Пока эта тирада произносилась с пылом, которому позавидовал бы Моле, а Лекен счел бы достойной изучения, Ришелье кусал себе губы, приговаривая едва слышно:
— Неужели этот бездельник догадался, что графиня нас подслушивает? Дьявольщина! До чего ловок! Ну и мастер! С ним надо быть поосторожнее.
Ришелье был прав. Графиня подслушивала, и каждое слово д'Эгийона западало ей в душу. Она наслаждалась его робким признанием, изысканной деликатностью того, кто даже в доверительном разговоре не выдал тайны прошлой связи из опасения бросить тень на, быть может, еще любимую женщину.
— Итак, отказываешься? — спросил Ришелье.
— От этого — да, дядюшка: к моему величайшему сожалению, это представляется мне совершенно невозможным.
— Надо же хотя бы попытаться!..
— Но как?
— Ты принадлежишь к нашему кругу… Ты будешь каждый день видеться с графиней: постарайся ей понравиться, тысяча чертей!
— Будучи в этом заинтересованным? Нет, нет!.. Да если бы я имел несчастье ей понравиться, а сам думал бы о другом, я убежал бы со стыда на край света.
Ришелье поскреб подбородок.
«Дело в шляпе, — подумал он, — или д'Эгийон — Дурак».
Вдруг со двора донесся стук колес, и несколько голосов прокричали: «Король!»
— Черт побери! — вскричал Ришелье. — Король не должен меня здесь видеть, я убегаю!
— А я? — спросил герцог.
— Ты — другое дело, пусть он тебя увидит. Оставайся… Оставайся… И, ради Бога, не бросай начатого.
Ришелье поспешил к черной лестнице, бросив герцогу:
— До завтра!
Глава 16. ДОЛЯ КОРОЛЯ
Оставшись один, герцог д'Эгийон почувствовал было себя неловко. Он прекрасно понял все, что хотел сказать ему дядюшка, отлично понял, что графиня Дю Барри подслушивала, несомненно понял, что умному человеку следовало в этом случае стать возлюбленным и в одиночку разыграть партию, для которой старый герцог пытался подыскать партнера.
Приход короля весьма удачно положил конец объяснению, которое было неизбежно, несмотря на пуританскую сдержанность д'Эгийона.

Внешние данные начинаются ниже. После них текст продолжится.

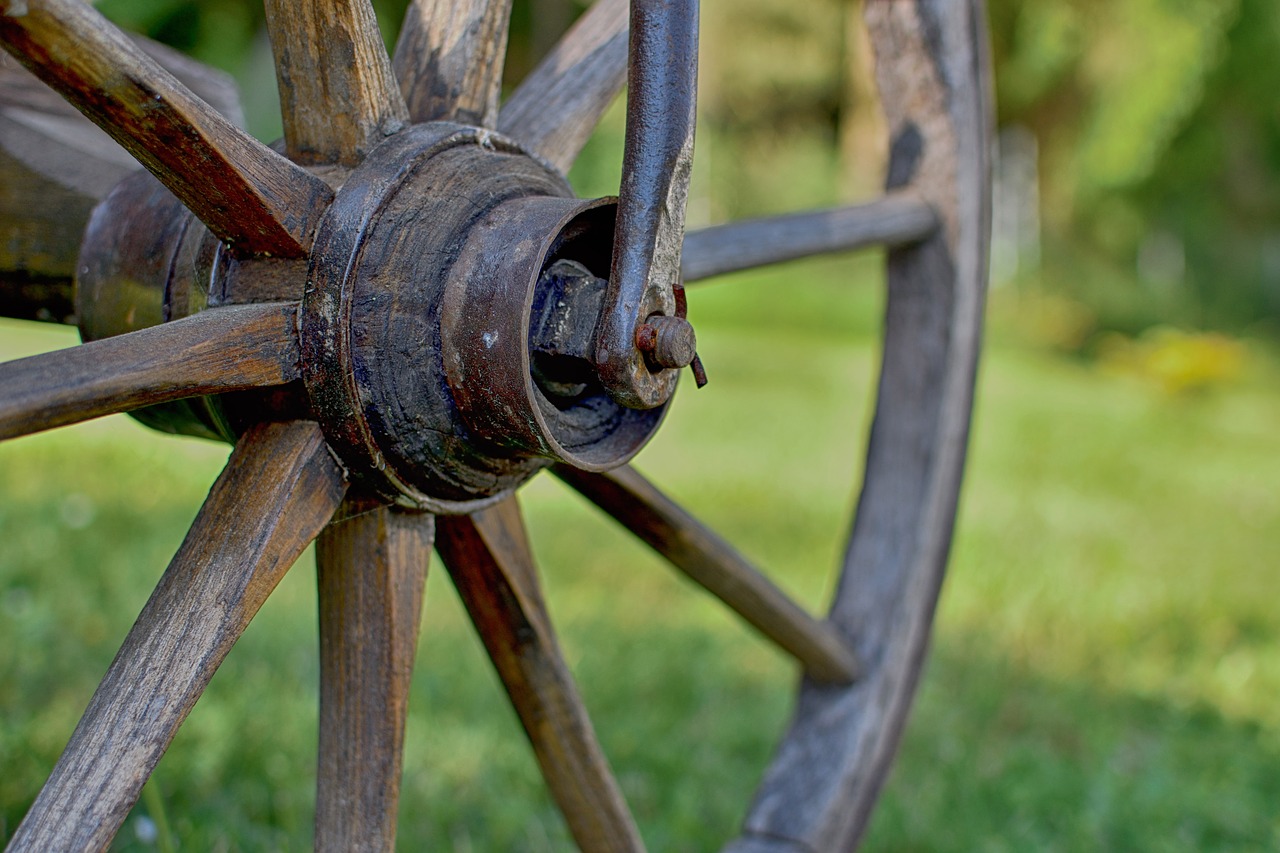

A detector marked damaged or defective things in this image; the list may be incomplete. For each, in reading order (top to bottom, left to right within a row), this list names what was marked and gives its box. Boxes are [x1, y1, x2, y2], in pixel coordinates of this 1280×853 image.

rusty metal hub [77, 122, 672, 512]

Маршала невозможно было долго водить за нос, он был не из тех, кто позволил бы собеседнику выставлять напоказ свои достоинства в ущерб интересам герцога.
Когда д'Эгийон остался один, он успел хорошенько обо всем подумать.
А король в самом деле был уже близко. Его пажи уже распахнули двери приемной, а Замор бросился к монарху, выпрашивая конфет с трогательной фамильярностью, которая, правда, в минуты мрачного расположения духа его величества стоила ему щелчков по носу или трепки, очень неприятной для негритенка.
Король уселся в китайском кабинете, и д'Эгийон смог убедиться в том, что графиня Дю Барри не упустила ни единого слова из его разговора с дядюшкой: теперь сам д'Эгийон прекрасно все слышал и таким образом оказался свидетелем встречи короля с графиней.
Его величество казался очень утомленным, подобно человеку, поднявшему непосильную тяжесть. Атлас был, верно, не так изможден после трудового дня, когда ему приходилось поддерживать на плечах небо целых двенадцать часов.
Любовница поблагодарила, похвалила, приласкала Людовика XV; она расспросила его об откликах на ссылку де Шуазеля, и это ее развлекло.
Графиня Дю Барри решила рискнуть. Настало подходящее время для того, чтобы заняться политикой; кстати, она чувствовала в себе довольно отваги, чтобы перевернуть одну из четырех частей света.